Hi all, I’m pretty sure I’m not alone in struggling to cope with not knowing what the “plan” is for the day- eg. What we are doing after what we’re doing now, what if things don’t work out the way I hope etc…
I have tried to explain to family and friends for actual YEARS that yes, I’m sorry that I am annoying you because I am asking what is happening all the time, but I REALLY struggle with this.
Some examples I can think of off the top of my head that range from causing full on meltdowns to just raising my anxiety levels are:
when i was about 6 my mom took me and my siblings to the cinema- there was a Pizza Hut next door and we’d been there on a different occasion after the movie- I’d asked if we were going this time and my mom said she’d tell me after the film. No big deal right? But I was unable to focus on the rest of the movie because I was anxious about not knowing what was happening next- my sister came back from the toilet with my mom a little later before the end of the film and whispered to me that we WERE going to get pizza. She likes to wind me up as siblings do so I asked my mom again. She said she’d tell me later. I asked again and again (my biggest flaw to this day) same answer from mom.
after the film she said that she had planned to take us for pizza, but due to my questioning, I had ruined it for everyone and we would eat at home. Being 6, I had a meltdown due to the anger of my siblings, mom, the lack of knowing what was happening, etc.
I was punished for throwing a tantrum over pizza, and much as I love pizza lol I wouldn’t have cared more than “awww nah” if we weren’t getting it- the uncertainty is my problem.
last year, I’d just got out of a violent relationship and it was going to court. I asked my parents what if I wasn’t believed and she was found not guilty. They told me that this would not happen, there was enough evidence, etc. etc.
then would talk about the incompetence of the officer assigned to my case ( my parents are also both police officers) and their lack of faith in the criminal justice system etc.

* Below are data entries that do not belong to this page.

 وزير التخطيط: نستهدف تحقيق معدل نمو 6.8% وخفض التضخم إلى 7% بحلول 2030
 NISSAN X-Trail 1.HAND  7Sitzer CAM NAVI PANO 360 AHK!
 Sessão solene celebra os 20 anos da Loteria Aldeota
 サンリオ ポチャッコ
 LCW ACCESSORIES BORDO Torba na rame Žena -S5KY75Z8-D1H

I asked again. Same answer. Again. Same answer, until I gave up.
my worst fears came true. I had the biggest meltdown I’ve had in years, was asked to leave my parents house due to my rude behaviour (I was very upset that I’d asked them to help me prepare for this outcome and this made them angry) and go back to my flat ( which they were the guarantors of, they agreed if i was ever unable to pay my rent they would pay it for one month only before I had to leave, please know I’m very grateful for this )

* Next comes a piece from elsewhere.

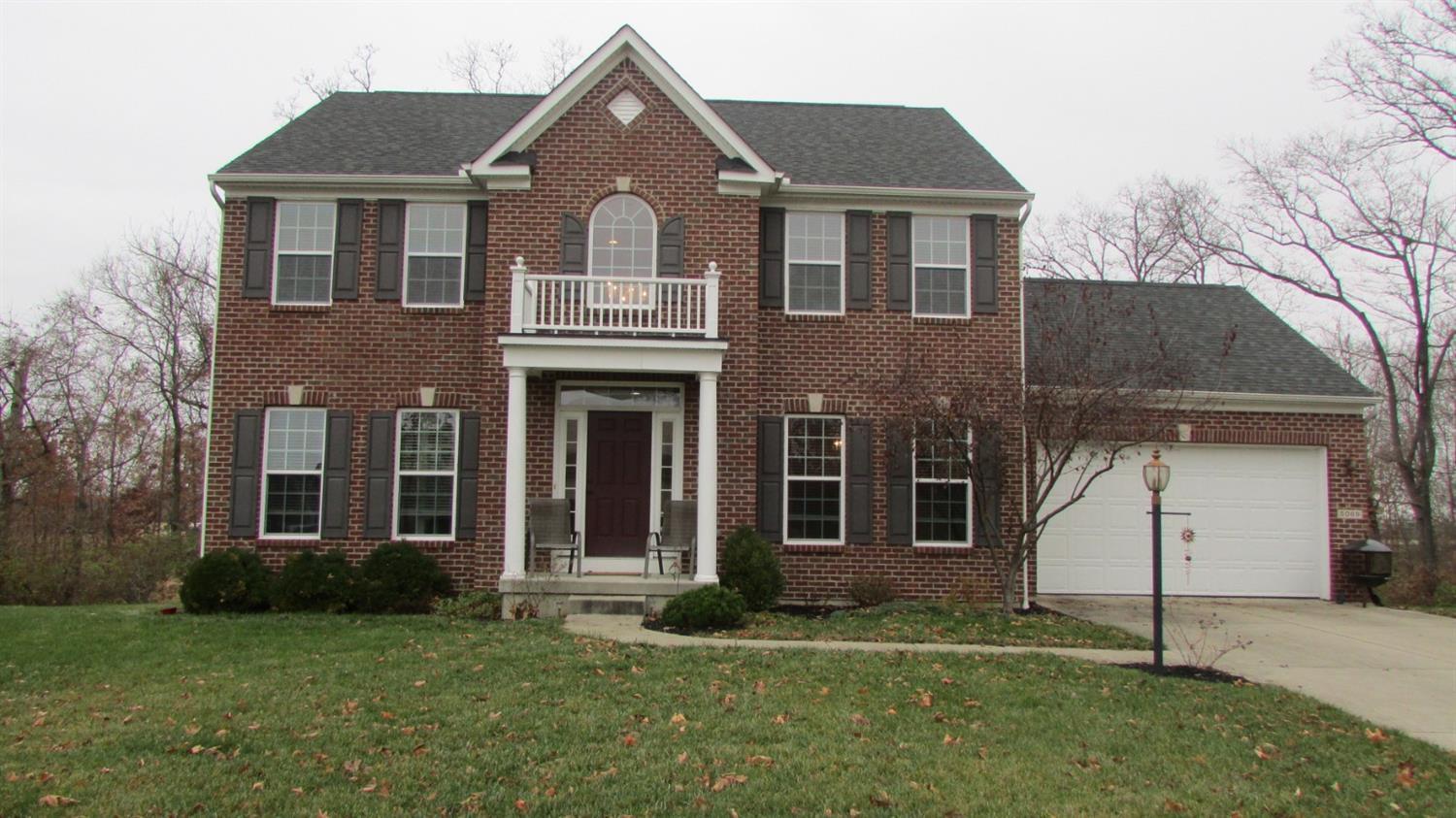 5069 Blue Meadow Lane Colerain Twp OH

I worked with my ex still- people who had been mates for years suddenly started questioning me and saying I must be lying as she was found not guilty. I had a breakdown at work, lost my job. My parents stepped in and paid that one months rent, I was spiralling downwards so I stayed at a friends for 3 nights as I was losing my mind I felt.
My mom texted me to ask me to hand my keys in, she’d spoken to my landlord and ended my tenancy, due to the way I’d spoken to her when I lost the court case. I rushed to my flat, it was empty.
The last phone call we ever had she told me she’d thrown away all my possessions. I lost everything, I told her I had no where to go, my friend could not put me up in her single room in a shared house any longer as her landlord was threatening to give her a warning. Nothing. I was homeless for 6 months, finally have a room in a shared house myself.
why do people get so angry when I ask questions to try and prepare for whatever outcome is next?